## Scraped caption text data:
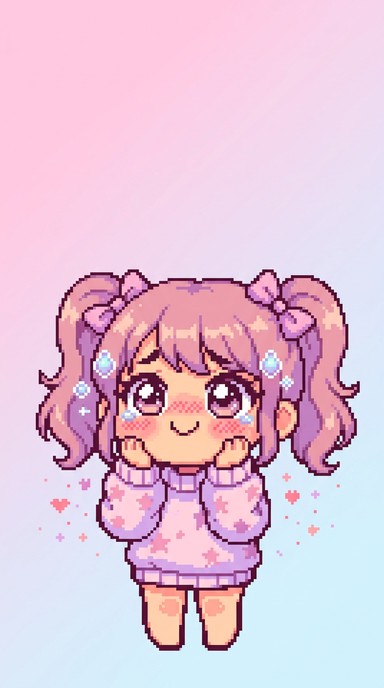 Adorable chibi pixel art character with sparkling eyes and pastel pink ...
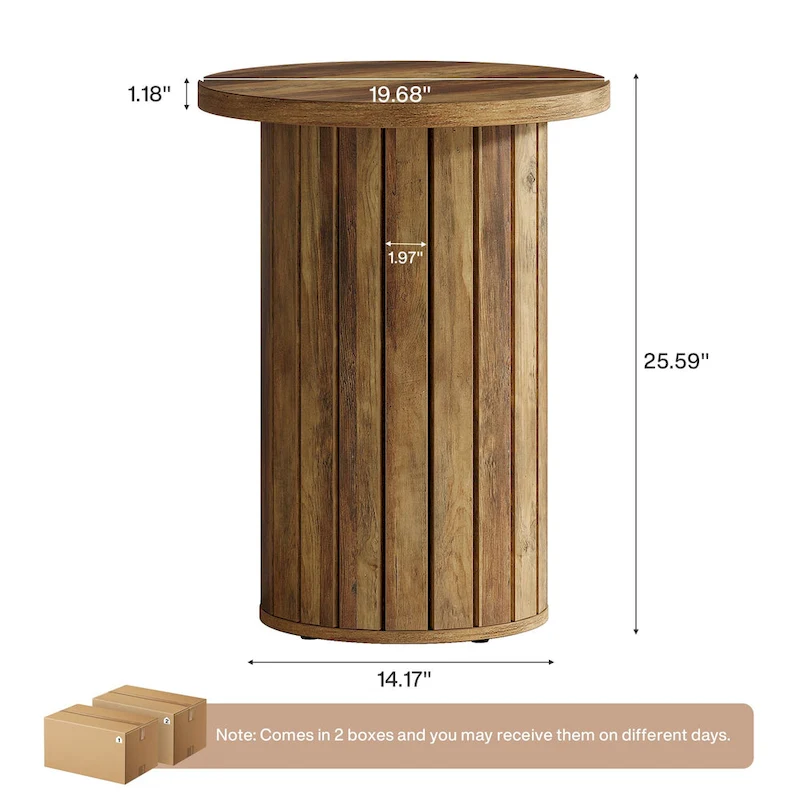 Round End Table with Pedestal Base, Small Couch Side Table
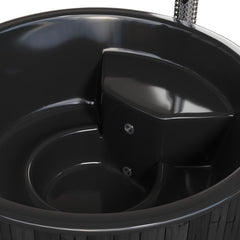 SaunaLife S6B 7-Person Wood-Burning Hot Tub, Black - Select Saunas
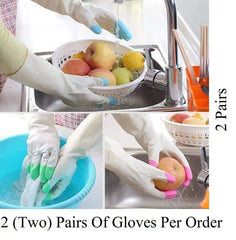 Reusable Rubber Latex Pvc Flock Lined Long Elbow Hand Gloves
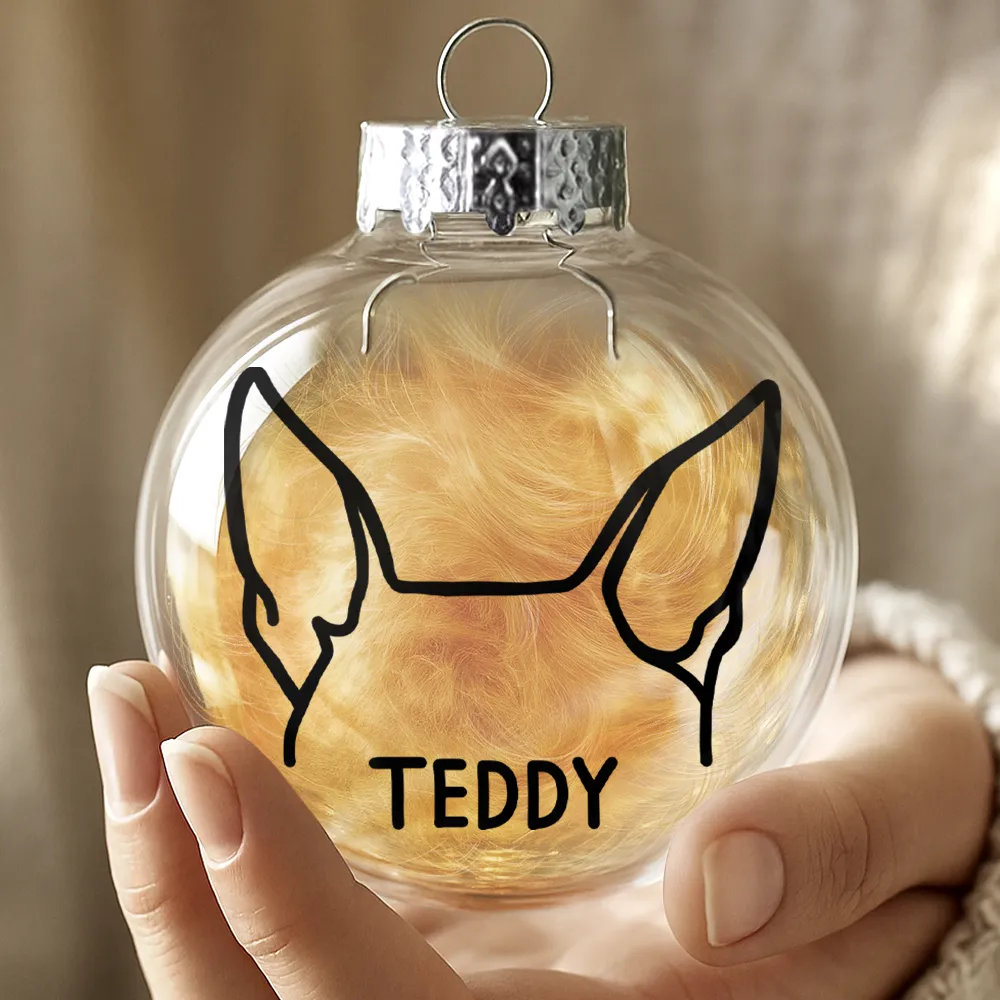 Dog Cat Ears Outline Custom Name - Personalized Fillable Clear Ball Ornament - Image 4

## Task directions:
Copy each record exactly. Leave any images out of the copy.

## Result:
 Adorable chibi pixel art character with sparkling eyes and pastel pink ...
 Round End Table with Pedestal Base, Small Couch Side Table
 SaunaLife S6B 7-Person Wood-Burning Hot Tub, Black - Select Saunas
 Reusable Rubber Latex Pvc Flock Lined Long Elbow Hand Gloves
 Dog Cat Ears Outline Custom Name - Personalized Fillable Clear Ball Ornament - Image 4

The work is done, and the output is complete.